(Short descriptive text snippets)
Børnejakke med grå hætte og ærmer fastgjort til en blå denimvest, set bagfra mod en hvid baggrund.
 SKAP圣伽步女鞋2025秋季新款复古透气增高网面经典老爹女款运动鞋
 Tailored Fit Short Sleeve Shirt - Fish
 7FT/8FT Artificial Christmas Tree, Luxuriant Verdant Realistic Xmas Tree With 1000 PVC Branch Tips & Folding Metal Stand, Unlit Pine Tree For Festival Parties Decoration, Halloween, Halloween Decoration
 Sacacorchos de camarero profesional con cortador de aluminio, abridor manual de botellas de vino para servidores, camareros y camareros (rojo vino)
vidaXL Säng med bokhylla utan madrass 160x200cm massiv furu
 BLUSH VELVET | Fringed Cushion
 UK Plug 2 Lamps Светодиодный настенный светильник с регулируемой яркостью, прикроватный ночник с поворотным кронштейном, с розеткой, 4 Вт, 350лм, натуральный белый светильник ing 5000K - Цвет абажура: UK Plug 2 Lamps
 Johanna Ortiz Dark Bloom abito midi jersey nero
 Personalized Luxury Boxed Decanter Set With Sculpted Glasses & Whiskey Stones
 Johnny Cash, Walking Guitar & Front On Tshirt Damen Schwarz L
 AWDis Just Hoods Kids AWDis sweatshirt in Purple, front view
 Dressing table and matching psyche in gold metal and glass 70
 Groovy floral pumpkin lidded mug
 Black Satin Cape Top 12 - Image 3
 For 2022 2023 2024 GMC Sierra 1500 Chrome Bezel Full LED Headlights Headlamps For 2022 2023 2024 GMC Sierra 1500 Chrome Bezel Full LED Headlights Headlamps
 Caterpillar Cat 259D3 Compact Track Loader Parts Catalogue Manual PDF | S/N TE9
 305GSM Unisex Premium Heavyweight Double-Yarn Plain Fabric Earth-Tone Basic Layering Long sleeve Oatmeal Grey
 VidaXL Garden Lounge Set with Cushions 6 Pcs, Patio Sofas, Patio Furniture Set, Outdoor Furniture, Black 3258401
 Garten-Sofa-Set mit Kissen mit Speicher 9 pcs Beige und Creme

• [The problem]
After the last line of the data, restate all the entries verbatim.

• [Solution for this task]
Børnejakke med grå hætte og ærmer fastgjort til en blå denimvest, set bagfra mod en hvid baggrund.
 SKAP圣伽步女鞋2025秋季新款复古透气增高网面经典老爹女款运动鞋
 Tailored Fit Short Sleeve Shirt - Fish
 7FT/8FT Artificial Christmas Tree, Luxuriant Verdant Realistic Xmas Tree With 1000 PVC Branch Tips & Folding Metal Stand, Unlit Pine Tree For Festival Parties Decoration, Halloween, Halloween Decoration
 Sacacorchos de camarero profesional con cortador de aluminio, abridor manual de botellas de vino para servidores, camareros y camareros (rojo vino)
vidaXL Säng med bokhylla utan madrass 160x200cm massiv furu
 BLUSH VELVET | Fringed Cushion
 UK Plug 2 Lamps Светодиодный настенный светильник с регулируемой яркостью, прикроватный ночник с поворотным кронштейном, с розеткой, 4 Вт, 350лм, натуральный белый светильник ing 5000K - Цвет абажура: UK Plug 2 Lamps
 Johanna Ortiz Dark Bloom abito midi jersey nero
 Personalized Luxury Boxed Decanter Set With Sculpted Glasses & Whiskey Stones
 Johnny Cash, Walking Guitar & Front On Tshirt Damen Schwarz L
 AWDis Just Hoods Kids AWDis sweatshirt in Purple, front view
 Dressing table and matching psyche in gold metal and glass 70
 Groovy floral pumpkin lidded mug
 Black Satin Cape Top 12 - Image 3
 For 2022 2023 2024 GMC Sierra 1500 Chrome Bezel Full LED Headlights Headlamps For 2022 2023 2024 GMC Sierra 1500 Chrome Bezel Full LED Headlights Headlamps
 Caterpillar Cat 259D3 Compact Track Loader Parts Catalogue Manual PDF | S/N TE9
 305GSM Unisex Premium Heavyweight Double-Yarn Plain Fabric Earth-Tone Basic Layering Long sleeve Oatmeal Grey
 VidaXL Garden Lounge Set with Cushions 6 Pcs, Patio Sofas, Patio Furniture Set, Outdoor Furniture, Black 3258401
 Garten-Sofa-Set mit Kissen mit Speicher 9 pcs Beige und Creme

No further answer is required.